But don't show me the Joint Resolution on Iraq.  That Nov 2002 vote was not a vote to go in, it was not a vote to invade Iraq, but to give Bush the authority to make the decision do so if diplomacy failed.



> how the hell do you think america wages war?  they authorized bush to go in and he did....
> 
> they specifically voted to allow bush to go in, the CIC commands the troops, not the legislature, so by giving bush authorization, they in fact voted to go in
> 
> did any republicans vote to go in?



America wages war in many ways.  Sometimes Congress votes to declare war.  Sometimes the president just does it if it is less than a 60 day action, sometimes Congress gives specifica authority to use force, sometimes Congress gives the president the authority to decide whether to go to war. 

The latter is what happened in Iraq.


----------



## Care4all (May 4, 2009)

As a Dove, I THINK these basic principles should be followed before going to war:


*Principles of the Just War

A just war can only be waged as a last resort. All non-violent options must be exhausted before the use of force can be justified. 

A war is just only if it is waged by a legitimate authority. Even just causes cannot be served by actions taken by individuals or groups who do not constitute an authority sanctioned by whatever the society and outsiders to the society deem legitimate. 

A just war can only be fought to redress a wrong suffered. For example, self-defense against an armed attack is always considered to be a just cause (although the justice of the cause is not sufficient--see point #4). Further, a just war can only be fought with "right" intentions: the only permissible objective of a just war is to redress the injury. 

A war can only be just if it is fought with a reasonable chance of success. Deaths and injury incurred in a hopeless cause are not morally justifiable. 
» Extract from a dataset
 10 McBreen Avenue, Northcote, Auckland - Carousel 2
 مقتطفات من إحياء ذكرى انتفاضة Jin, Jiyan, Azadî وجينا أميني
The ultimate goal of a just war is to re-establish peace. More specifically, the peace established after the war must be preferable to the peace that would have prevailed if the war had not been fought. 

The violence used in the war must be proportional to the injury suffered. States are prohibited from 
using force not necessary to attain the limited objective of addressing the injury suffered. 

The weapons used in war must discriminate between combatants and non-combatants. Civilians are never permissible targets of war, and every effort must be taken to avoid killing civilians. The deaths of civilians are justified only if they are unavoidable victims of a deliberate attack on a military target.*

also, this should be taken to heart by our leaders as well imo...

* Proverbs 24:6 
For by wise guidance you will wage war.... 
*


and then the simple term of war preparation:

*Know your enemy* before you wage war with them...  was not followed in my opinion....nothing was thought through or with wise advise it seems...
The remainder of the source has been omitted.